Moderate effort over a long period of time is important, no matter what you are trying to do. One brings failure on oneself by working extremely hard at the beginning, attempting to do too much, and then giving it all up after a short time. A constant stream of moderate effort is needed. Similarly, when meditating, you need to be skillful by having frequent, short sessions; it is more important that the session be of good quality than that it be long.

When you have such effort, you have the necessary “substances” for developing concentration. Concentration is a matter of channelling this mind which is presently distracted in a great many directions. A scattered mind does not have much power. When channelled, no matter what the object of observation is, the mind is very powerful.

There is no external way to channel the mind, as by a surgical operation; it must be done by withdrawing it inside. Withdrawal of the mind also occurs in deep sleep in which the factor of alertness has become unclear; therefore, here the withdrawal of the mind is to be accompanied by strong clarity of alertness. In brief, the mind must have stability staying firmly on its object, great clarity of the object, and alert, clear, sharp tautness.

With respect to the last perfection, wisdom, there are in general many types of wisdom; the three main ones are conventional wisdom realising the five fields of knowledge, ultimate wisdom realising the mode of subsistence of phenomena, and wisdom knowing how to help sentient beings. The main one being explained here is the second, the wisdom realising selflessness.

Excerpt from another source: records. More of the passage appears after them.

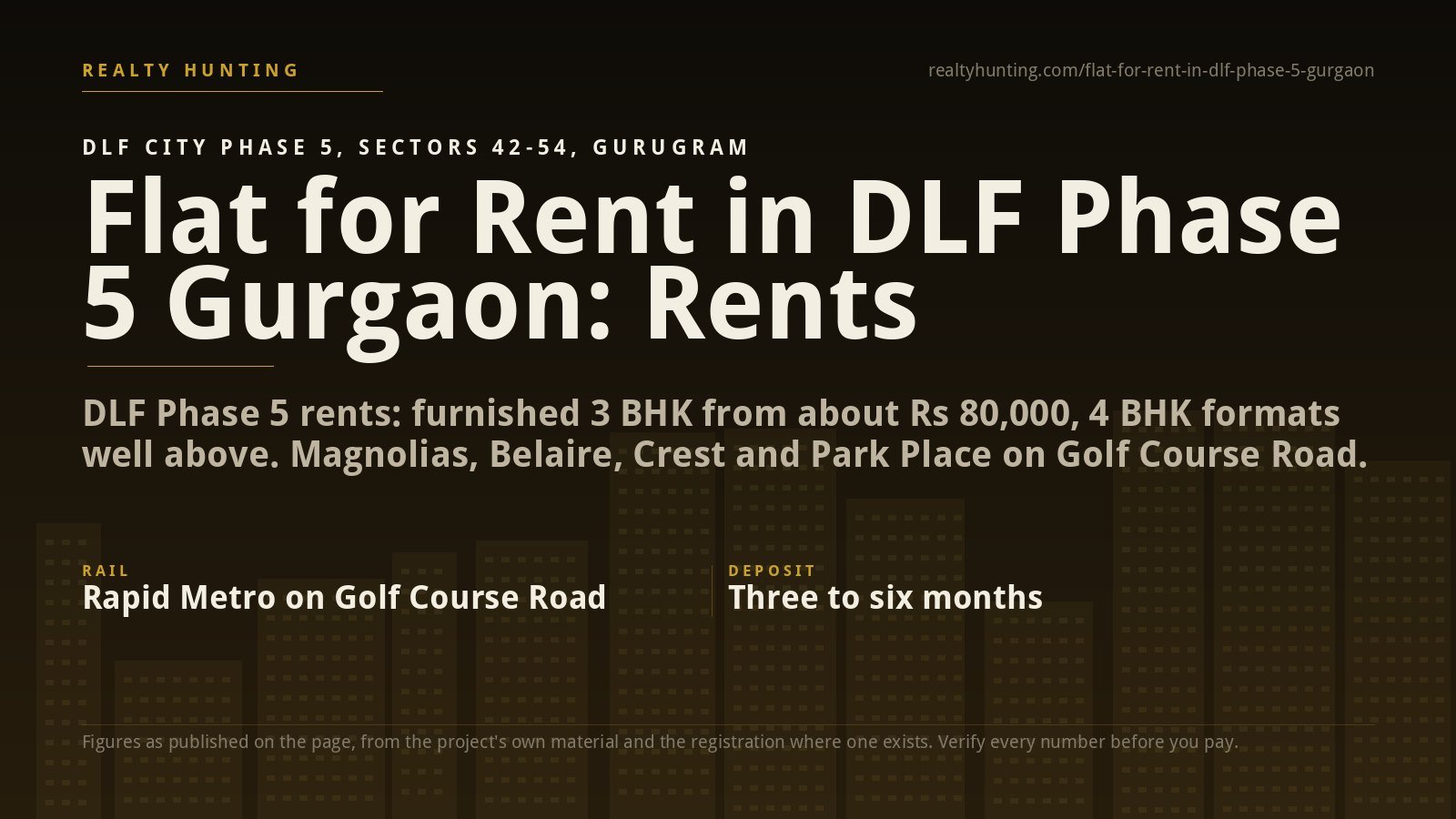 Flat for Rent in DLF Phase 5 Gurgaon: Rents and Guide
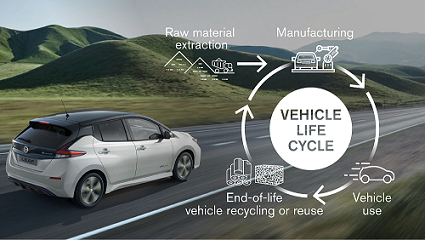 0a0aaaaa210127-vehicle-life-cycle-infographic-en-source 0a0aaaaa210127-vehicle-life-cycle-infographic-en-source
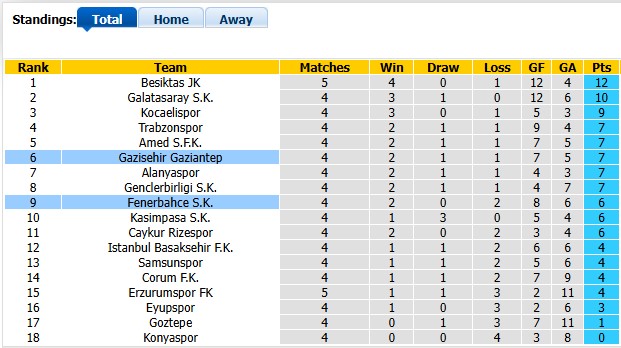 Nhận định, soi kèo Gaziantep vs Fenerbahce, 0h00 ngày 15/9: Khởi sắc - Ảnh 4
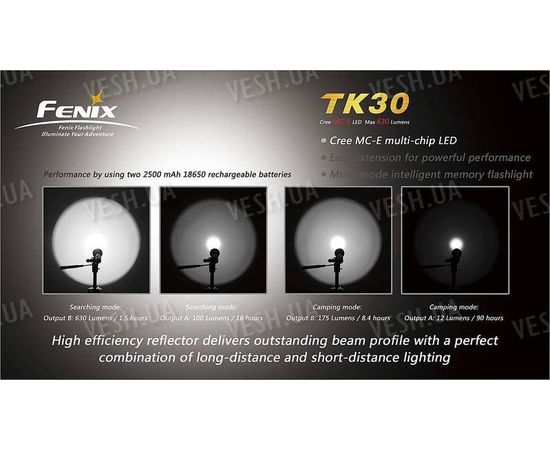 Тактический фонарь Fenix TK30 Cree MC-E LED + в подарок E05, фото 7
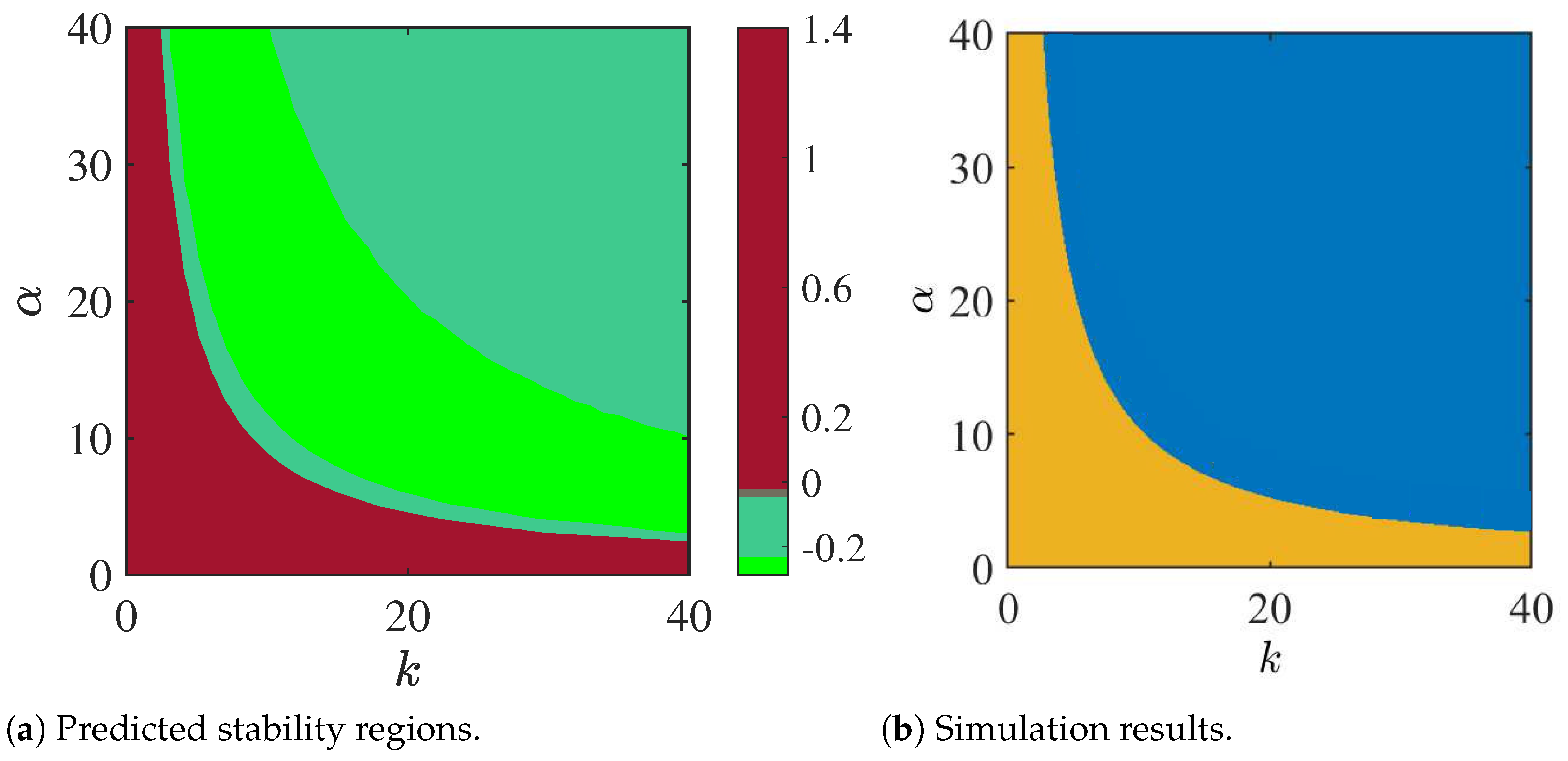 Mathematics 12 03177 g003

With regard to selflessness, it is necessary to know what “self ” is — to identify the self that does not exist. Then one can understand its opposite, selflessness. Selflessness is not a case of something that existed in the past becoming non-existent; rather, this sort of “self ” is something that never did exist. What is needed is to identify as non-existent something that always was non-existent, for due to not having made such identification, we are drawn into the afflictive emotions of desire and hatred as well as all the problems these bring.

What is this self that does not exist? In this context, “self ” refers not to the person or “I” as it usually does but to independence, something that exists under its own power. You should examine all types of phenomena to determine if they exist under their own power, to see whether they have their own independent mode of subsistence or not. If phenomena do exist under their own power, then when you investigate to find the object designated, it should become clearer and clearer.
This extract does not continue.